COLLECTED MATERIAL:
>>>
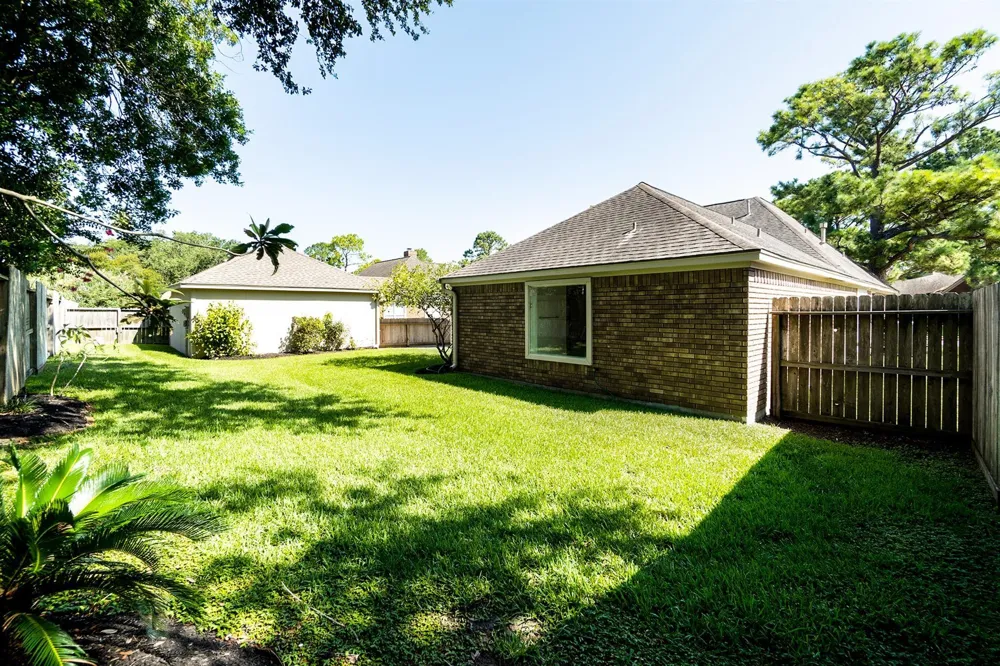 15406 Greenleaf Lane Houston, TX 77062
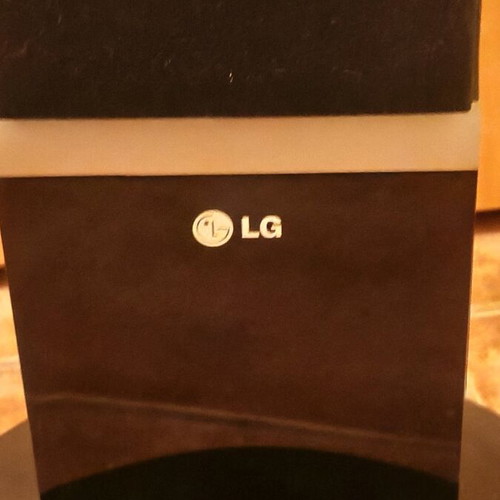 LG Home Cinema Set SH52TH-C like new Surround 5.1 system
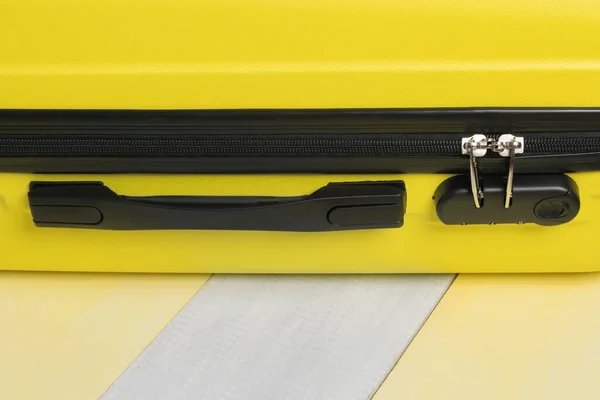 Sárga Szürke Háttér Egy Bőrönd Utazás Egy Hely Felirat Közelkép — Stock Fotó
<<<
INSTRUCTIONS TO FOLLOW: Each line from the one containing "LG Home Cinema" through the last line of the data should be written out exactly. Skip the pictures, and add no other lines.

SOLUTION TO THIS PROBLEM:
 LG Home Cinema Set SH52TH-C like new Surround 5.1 system
 Sárga Szürke Háttér Egy Bőrönd Utazás Egy Hely Felirat Közelkép — Stock Fotó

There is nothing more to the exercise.